Resident Sustains Fracture Due to Improper Transfer by Single CNA
Penalty
Summary
A deficiency occurred when a resident, who was dependent on staff for transfers and required the assistance of two staff members for toileting and transfers as documented in their care plan and on the white board used by nurse aide staff, was transferred by a single Certified Nurse Aide (CNA). The resident, who had diagnoses including arthritis, high blood pressure, depression, and osteoporosis, was alert, oriented, and able to communicate needs. The resident reported pain in the left lower leg/ankle after being transferred by the CNA, who admitted to transferring the resident alone and causing pain during the process. Clinical documentation and staff statements confirmed that the resident's care plan and functional assessment required two-person assistance for transfers due to self-care performance deficits related to arthritis. Despite this, the CNA attempted the transfer alone, contrary to the established plan of care and facility protocols.

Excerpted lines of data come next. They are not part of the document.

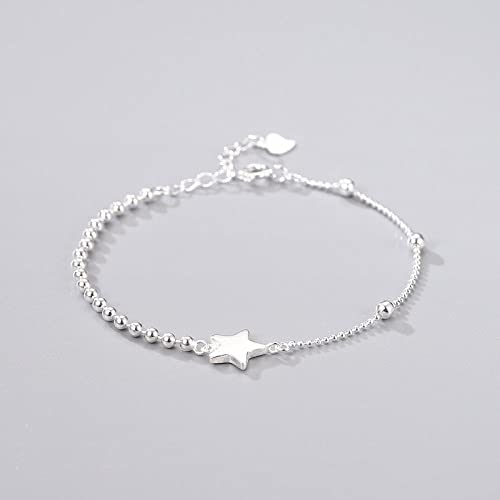 Bijoux en argent S925 pour femme avec bracelet chaîne ajustable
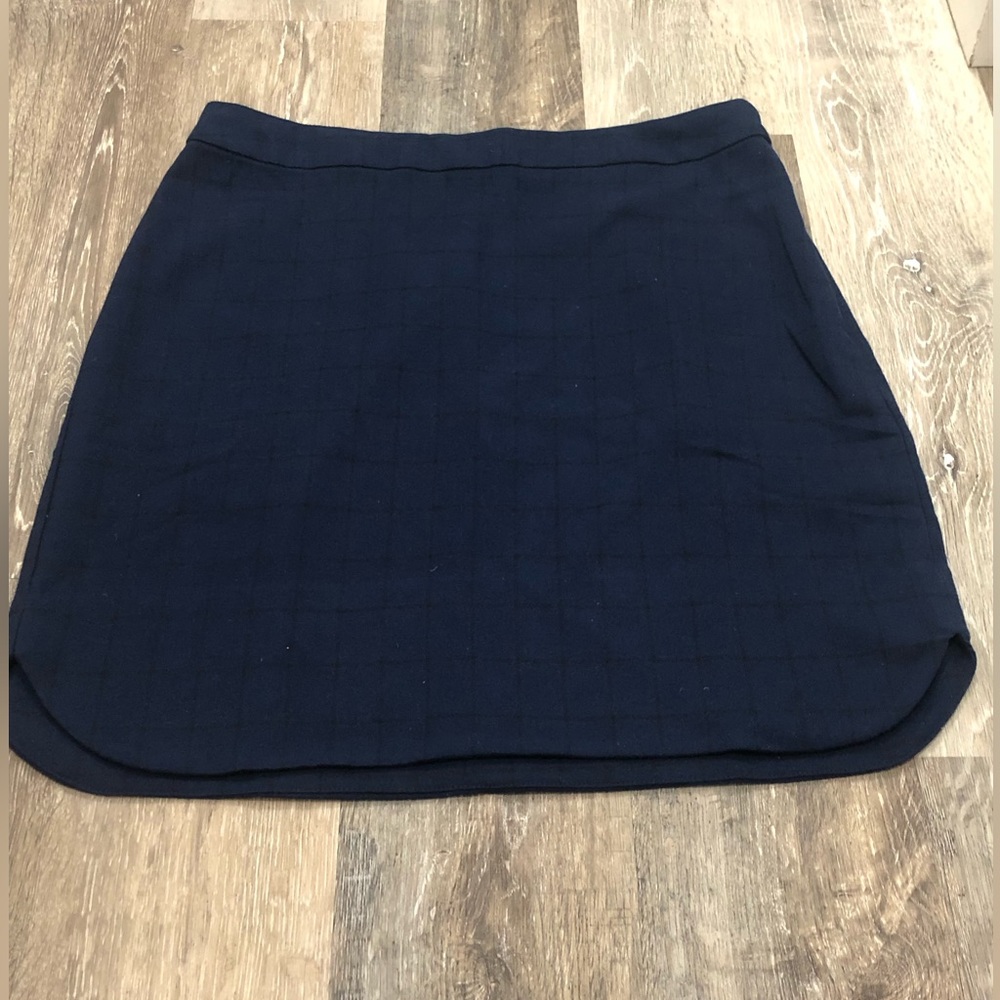 NWOT Blue and black skirt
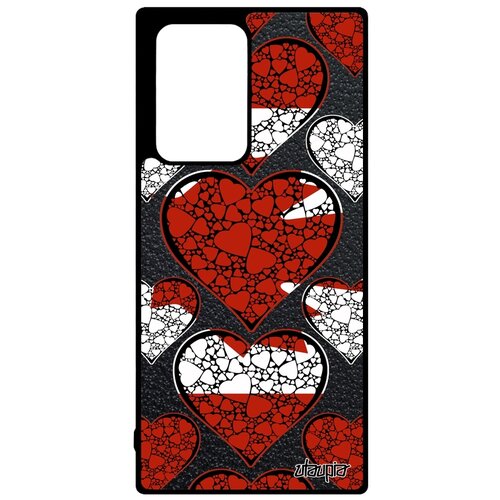 фото Чехол для смартфона galaxy note 20 ultra, "флаг канады с сердцем" любовь туризм utaupia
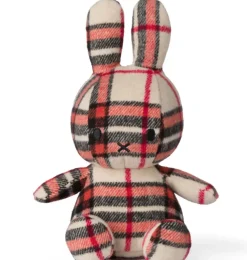 Miffy / Miffy aus wollig kariertem Stoff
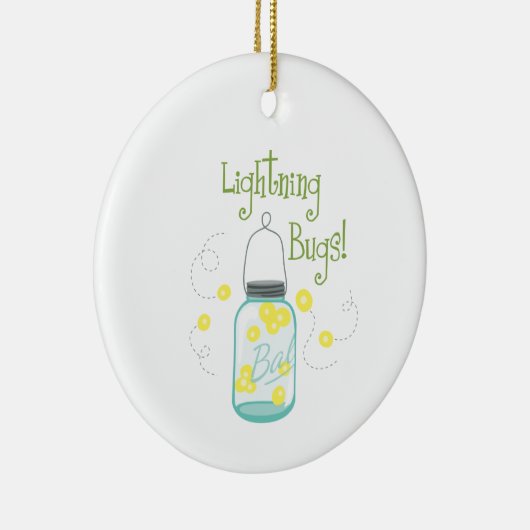 Lightning Bugs Keramisch Ornament (Rechts)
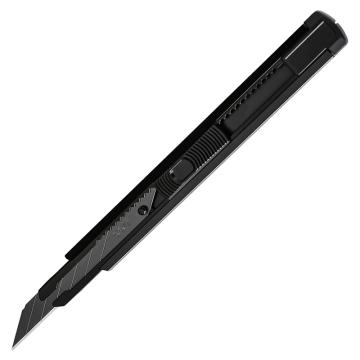 deli/得力 铝合金美工刀30°角黑刃9mm(黑) DL210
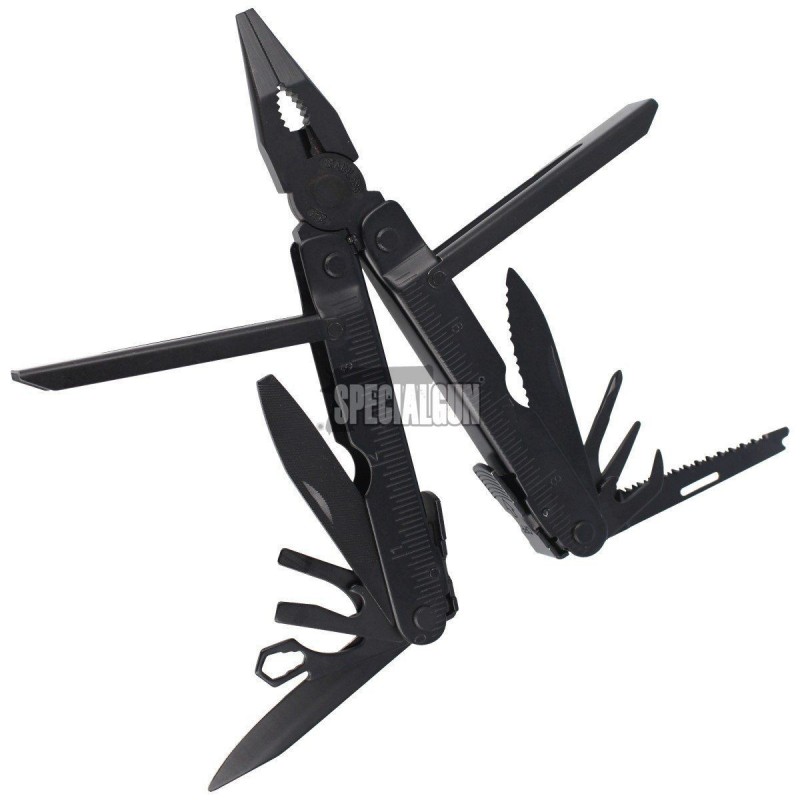 MILITARY MULTIFUNCTION PLIERS BLACKFOX BLACK MILITARY MULTIFUNCTION PLIERS BLACKFOX BLACK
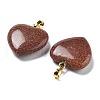 Synthetic Goldstone Pendants G-G956-B15-G-2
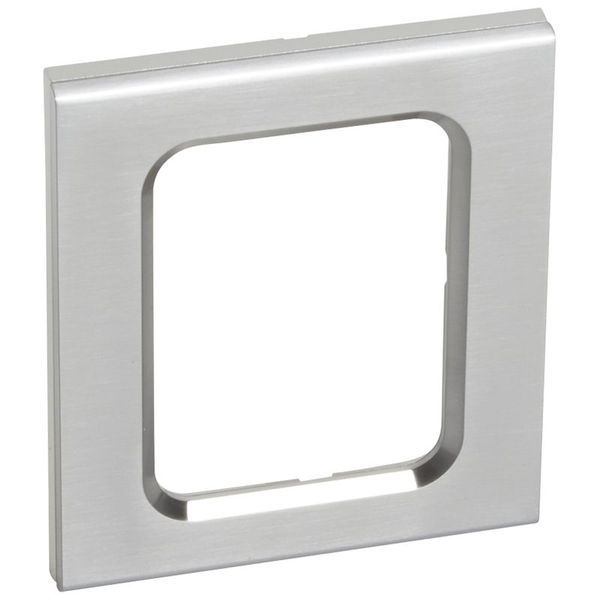 Plaque 3.5 Inox Brosse legrand 069126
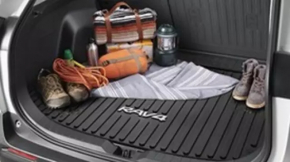 Trunk mat Toyota Rav4 19- rubber black OEM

The resident subsequently sustained a fracture to the left distal fibula, as confirmed by x-ray, after complaining of pain and reporting that their leg had been bumped during the transfer. The incident was identified as neglect, defined by facility policy as the failure to provide goods and services necessary to avoid physical harm. The CNA involved had received training and competencies in safe transfer methods prior to the incident. The failure to follow the resident's care plan and transfer requirements directly resulted in actual harm to the resident, specifically a fractured left fibula.